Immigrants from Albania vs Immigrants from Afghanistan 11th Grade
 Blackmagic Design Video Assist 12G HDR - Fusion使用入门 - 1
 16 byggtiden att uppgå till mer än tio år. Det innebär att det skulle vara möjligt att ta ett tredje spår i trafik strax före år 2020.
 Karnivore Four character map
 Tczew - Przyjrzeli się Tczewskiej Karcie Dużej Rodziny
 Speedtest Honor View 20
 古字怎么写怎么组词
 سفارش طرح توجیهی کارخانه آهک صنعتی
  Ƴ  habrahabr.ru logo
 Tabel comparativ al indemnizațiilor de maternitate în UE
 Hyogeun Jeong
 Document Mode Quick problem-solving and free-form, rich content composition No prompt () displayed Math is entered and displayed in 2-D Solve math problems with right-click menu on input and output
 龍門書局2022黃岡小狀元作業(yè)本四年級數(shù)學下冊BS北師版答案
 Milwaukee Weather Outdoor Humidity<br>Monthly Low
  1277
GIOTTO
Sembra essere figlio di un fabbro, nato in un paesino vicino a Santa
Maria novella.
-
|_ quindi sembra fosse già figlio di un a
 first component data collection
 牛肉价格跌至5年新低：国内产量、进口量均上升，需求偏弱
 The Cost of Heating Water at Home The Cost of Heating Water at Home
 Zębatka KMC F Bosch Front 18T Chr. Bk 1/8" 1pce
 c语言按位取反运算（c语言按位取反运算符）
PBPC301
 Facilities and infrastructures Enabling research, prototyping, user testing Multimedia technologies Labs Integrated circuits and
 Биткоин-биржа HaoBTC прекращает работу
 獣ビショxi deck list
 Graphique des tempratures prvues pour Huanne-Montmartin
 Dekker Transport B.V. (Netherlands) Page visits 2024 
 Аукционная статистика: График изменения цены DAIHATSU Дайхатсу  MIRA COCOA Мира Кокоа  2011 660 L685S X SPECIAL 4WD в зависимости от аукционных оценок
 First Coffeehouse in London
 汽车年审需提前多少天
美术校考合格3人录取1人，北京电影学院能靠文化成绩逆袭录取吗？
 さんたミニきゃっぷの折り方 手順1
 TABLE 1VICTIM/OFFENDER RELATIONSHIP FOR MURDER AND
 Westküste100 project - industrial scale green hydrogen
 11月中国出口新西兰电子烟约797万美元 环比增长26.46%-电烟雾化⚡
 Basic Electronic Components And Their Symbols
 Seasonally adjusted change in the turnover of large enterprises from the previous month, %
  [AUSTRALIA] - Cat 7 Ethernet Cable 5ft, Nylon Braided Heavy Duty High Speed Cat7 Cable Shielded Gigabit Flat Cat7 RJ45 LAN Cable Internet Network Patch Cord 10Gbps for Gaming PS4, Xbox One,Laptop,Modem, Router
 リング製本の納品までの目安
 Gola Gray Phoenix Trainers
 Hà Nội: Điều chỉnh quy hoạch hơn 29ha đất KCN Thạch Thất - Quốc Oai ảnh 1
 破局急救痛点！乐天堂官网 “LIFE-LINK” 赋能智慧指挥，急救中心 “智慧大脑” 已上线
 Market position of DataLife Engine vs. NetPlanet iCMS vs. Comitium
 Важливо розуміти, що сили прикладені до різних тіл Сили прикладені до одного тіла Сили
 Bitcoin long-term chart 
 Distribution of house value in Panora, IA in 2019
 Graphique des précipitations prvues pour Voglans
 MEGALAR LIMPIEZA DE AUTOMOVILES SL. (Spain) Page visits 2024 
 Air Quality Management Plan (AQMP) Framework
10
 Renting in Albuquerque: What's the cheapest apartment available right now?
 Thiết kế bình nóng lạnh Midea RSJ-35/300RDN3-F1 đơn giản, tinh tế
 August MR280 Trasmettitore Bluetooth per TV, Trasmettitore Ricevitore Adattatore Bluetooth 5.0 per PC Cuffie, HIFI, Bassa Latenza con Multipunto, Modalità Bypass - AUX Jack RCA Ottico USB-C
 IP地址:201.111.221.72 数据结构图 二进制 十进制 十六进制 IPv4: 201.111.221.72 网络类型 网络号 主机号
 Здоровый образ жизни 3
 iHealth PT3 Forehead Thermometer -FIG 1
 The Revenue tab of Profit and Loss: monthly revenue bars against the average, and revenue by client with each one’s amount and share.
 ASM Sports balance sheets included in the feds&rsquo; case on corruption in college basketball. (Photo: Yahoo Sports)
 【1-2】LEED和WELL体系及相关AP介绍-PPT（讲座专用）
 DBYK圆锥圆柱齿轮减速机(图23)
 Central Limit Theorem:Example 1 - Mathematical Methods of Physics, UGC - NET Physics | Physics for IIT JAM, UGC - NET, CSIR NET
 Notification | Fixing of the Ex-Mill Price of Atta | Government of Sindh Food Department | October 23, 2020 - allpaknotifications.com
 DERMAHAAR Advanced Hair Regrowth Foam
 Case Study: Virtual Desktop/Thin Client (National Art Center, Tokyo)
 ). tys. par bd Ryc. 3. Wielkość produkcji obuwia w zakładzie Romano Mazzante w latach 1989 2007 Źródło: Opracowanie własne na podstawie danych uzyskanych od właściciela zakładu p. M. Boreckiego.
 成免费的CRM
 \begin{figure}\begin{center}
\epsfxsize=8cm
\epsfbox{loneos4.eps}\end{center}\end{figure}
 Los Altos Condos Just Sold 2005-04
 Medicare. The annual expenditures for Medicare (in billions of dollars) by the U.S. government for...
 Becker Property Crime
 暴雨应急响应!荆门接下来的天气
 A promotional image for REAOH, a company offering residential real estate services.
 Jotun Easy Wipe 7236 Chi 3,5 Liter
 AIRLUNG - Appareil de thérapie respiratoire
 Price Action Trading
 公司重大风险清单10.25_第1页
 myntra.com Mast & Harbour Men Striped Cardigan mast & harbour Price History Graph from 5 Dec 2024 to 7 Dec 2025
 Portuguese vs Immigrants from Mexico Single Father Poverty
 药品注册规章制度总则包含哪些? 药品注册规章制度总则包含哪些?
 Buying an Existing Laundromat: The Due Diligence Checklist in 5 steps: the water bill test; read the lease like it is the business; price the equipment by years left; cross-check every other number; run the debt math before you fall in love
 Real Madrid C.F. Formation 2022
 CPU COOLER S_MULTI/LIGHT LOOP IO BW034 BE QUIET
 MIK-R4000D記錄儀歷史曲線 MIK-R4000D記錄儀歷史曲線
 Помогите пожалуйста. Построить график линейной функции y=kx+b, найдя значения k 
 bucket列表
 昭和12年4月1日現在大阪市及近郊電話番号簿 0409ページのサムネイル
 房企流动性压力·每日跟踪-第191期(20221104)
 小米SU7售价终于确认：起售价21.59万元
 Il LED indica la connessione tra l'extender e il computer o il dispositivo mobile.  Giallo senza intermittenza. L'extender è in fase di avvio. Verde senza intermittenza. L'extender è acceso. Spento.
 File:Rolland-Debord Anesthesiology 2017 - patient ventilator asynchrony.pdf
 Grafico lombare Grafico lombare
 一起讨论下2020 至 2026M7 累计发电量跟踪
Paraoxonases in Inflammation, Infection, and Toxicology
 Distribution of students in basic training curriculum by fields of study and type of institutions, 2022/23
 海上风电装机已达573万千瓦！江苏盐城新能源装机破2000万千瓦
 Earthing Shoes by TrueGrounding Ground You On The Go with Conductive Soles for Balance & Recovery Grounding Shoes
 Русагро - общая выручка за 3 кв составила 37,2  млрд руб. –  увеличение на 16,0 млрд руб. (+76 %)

•••

- **Assigned task**
Lines containing "figure" in the listing: how many are there? Answer with the number only.

- **Answer section**
2